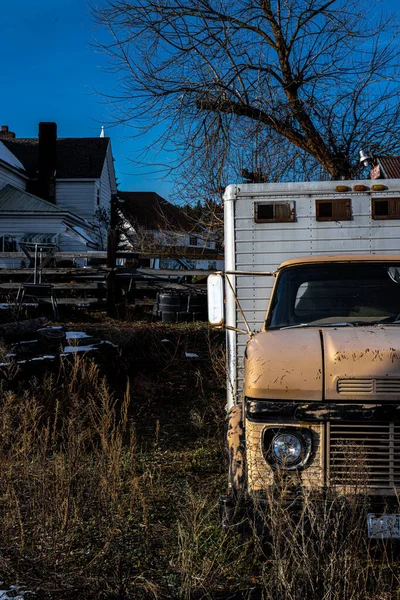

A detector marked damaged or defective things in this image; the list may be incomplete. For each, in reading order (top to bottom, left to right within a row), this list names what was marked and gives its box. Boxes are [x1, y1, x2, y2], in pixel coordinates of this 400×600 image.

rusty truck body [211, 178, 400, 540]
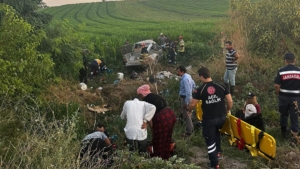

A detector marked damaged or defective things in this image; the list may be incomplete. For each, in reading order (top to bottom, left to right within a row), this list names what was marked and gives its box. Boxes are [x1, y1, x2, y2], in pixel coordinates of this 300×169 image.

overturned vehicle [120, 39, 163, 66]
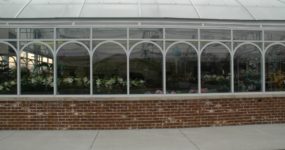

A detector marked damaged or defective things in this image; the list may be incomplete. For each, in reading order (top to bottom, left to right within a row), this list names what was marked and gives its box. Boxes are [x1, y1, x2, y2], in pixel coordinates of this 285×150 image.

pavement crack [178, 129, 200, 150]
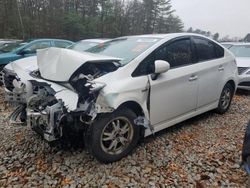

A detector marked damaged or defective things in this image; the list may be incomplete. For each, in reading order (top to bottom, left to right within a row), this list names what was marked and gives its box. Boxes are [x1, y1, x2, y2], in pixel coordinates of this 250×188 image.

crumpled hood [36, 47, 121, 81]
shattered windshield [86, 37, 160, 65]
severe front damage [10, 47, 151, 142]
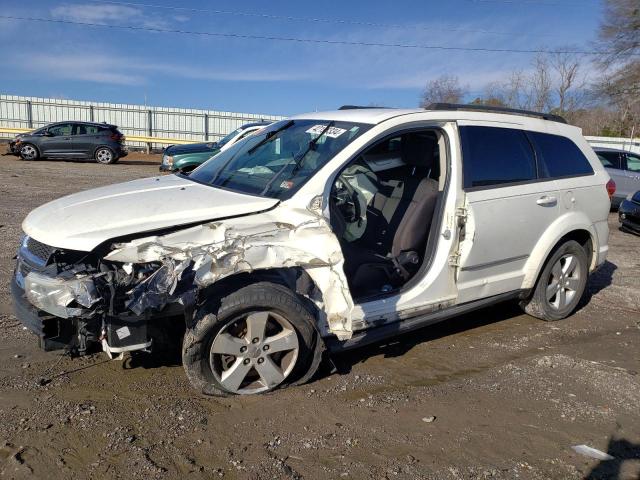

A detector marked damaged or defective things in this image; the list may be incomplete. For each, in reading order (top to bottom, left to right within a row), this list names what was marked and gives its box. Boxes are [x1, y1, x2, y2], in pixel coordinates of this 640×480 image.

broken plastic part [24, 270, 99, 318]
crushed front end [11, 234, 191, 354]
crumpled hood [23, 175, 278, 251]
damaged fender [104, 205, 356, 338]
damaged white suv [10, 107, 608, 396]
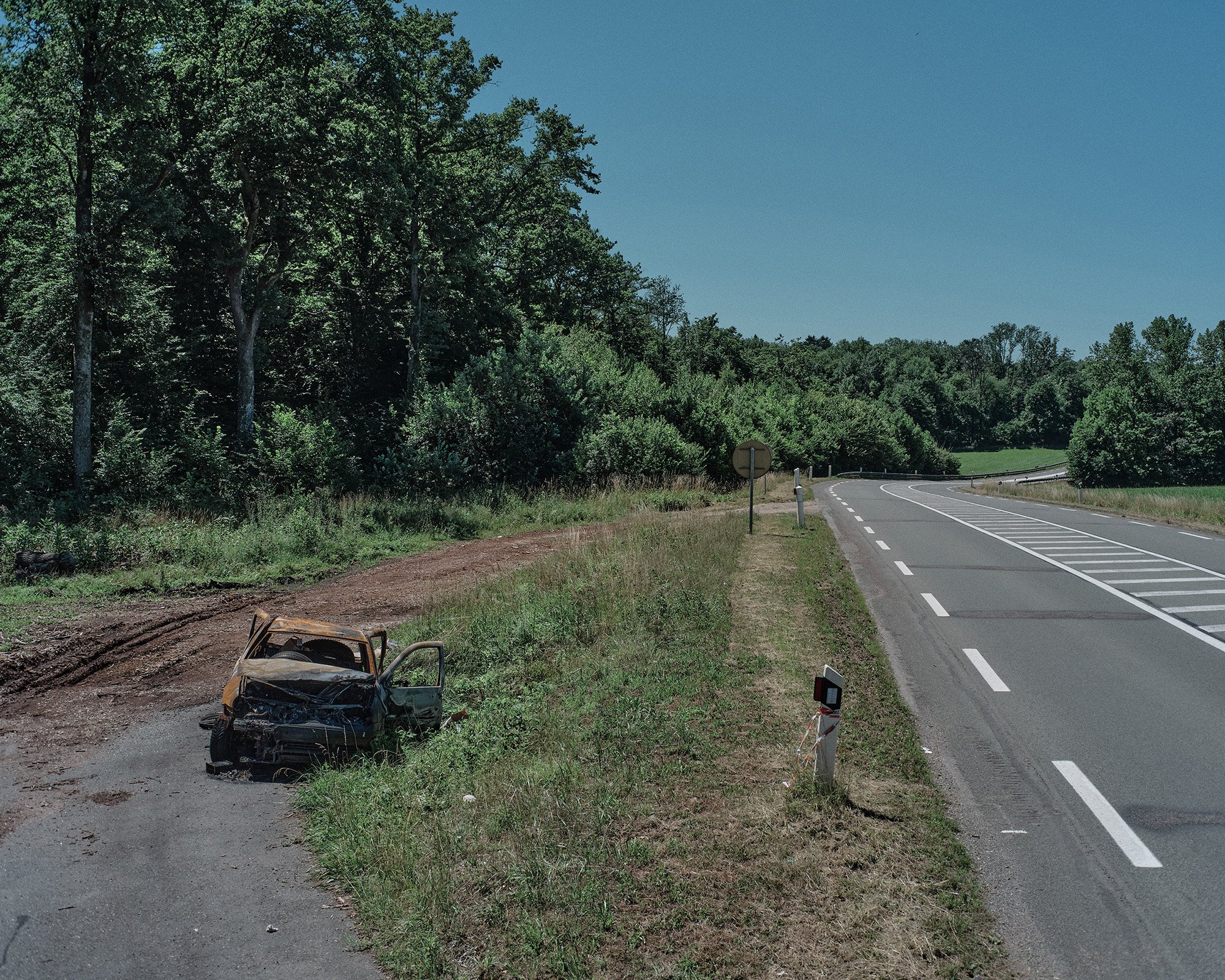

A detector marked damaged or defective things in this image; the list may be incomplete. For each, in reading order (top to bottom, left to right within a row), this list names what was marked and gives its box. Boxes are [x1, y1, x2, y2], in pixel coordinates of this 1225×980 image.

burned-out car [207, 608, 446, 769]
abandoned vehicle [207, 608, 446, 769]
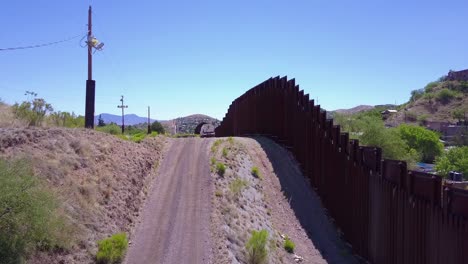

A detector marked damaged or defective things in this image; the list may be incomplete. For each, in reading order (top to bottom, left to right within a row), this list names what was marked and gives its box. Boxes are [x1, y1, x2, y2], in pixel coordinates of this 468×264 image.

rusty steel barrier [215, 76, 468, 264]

_ _ _ _ _

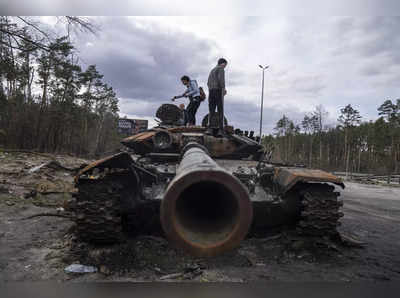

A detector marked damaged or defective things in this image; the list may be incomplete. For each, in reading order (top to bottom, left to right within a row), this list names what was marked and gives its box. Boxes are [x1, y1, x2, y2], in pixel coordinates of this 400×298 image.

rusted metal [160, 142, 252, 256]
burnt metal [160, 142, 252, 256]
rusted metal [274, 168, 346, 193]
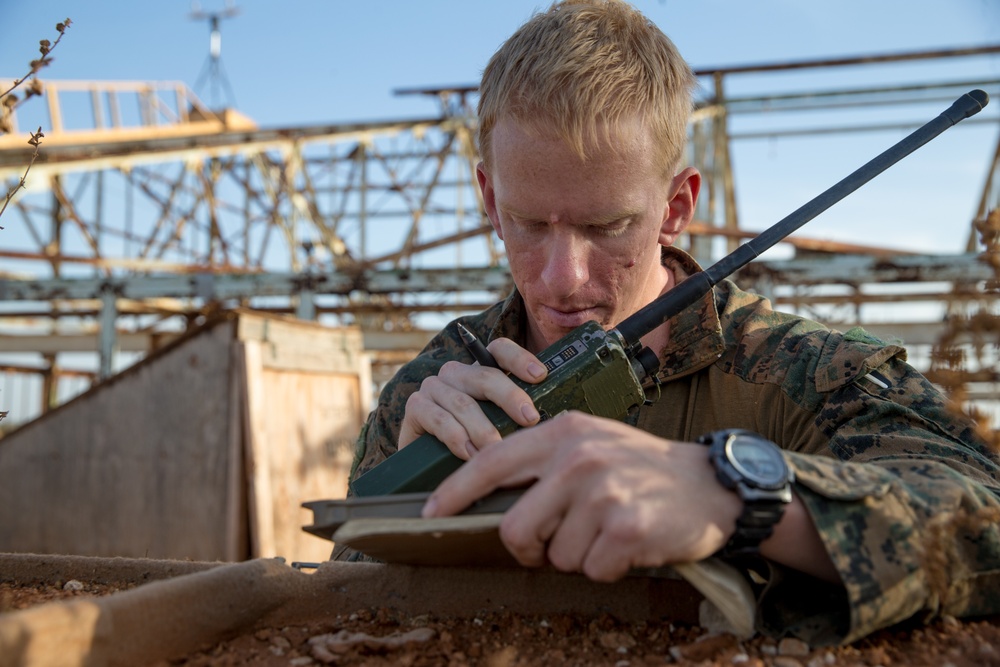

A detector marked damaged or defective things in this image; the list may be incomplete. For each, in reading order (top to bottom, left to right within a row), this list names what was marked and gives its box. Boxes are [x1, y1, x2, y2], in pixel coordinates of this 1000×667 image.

_ _ _ _ _

* _THE PROBLEM_: Give exactly the lines above that run from the line with "this 400×298 image." to the line with "this 1000×667 image.", both included, leaving every picture out.

* _RESULT BELOW_:
A detector marked damaged or defective things in this image; the list may be incomplete. For each, in reading order (top to bottom, left to right within a row), this list names what was marked and gives its box. Boxes are [x1, y1, x2, y2], in pixel coordinates of this 400×298 image.

rusted metal [160, 142, 252, 256]
burnt metal [160, 142, 252, 256]
rusted metal [274, 168, 346, 193]

A detector marked damaged or defective things in this image; the list may be incomplete. For each, in reading order (top to bottom, left to right within a row), this list names what was marked and gives its box. Boxes are [x1, y1, x2, y2], in pixel coordinates of this 1000×667 image.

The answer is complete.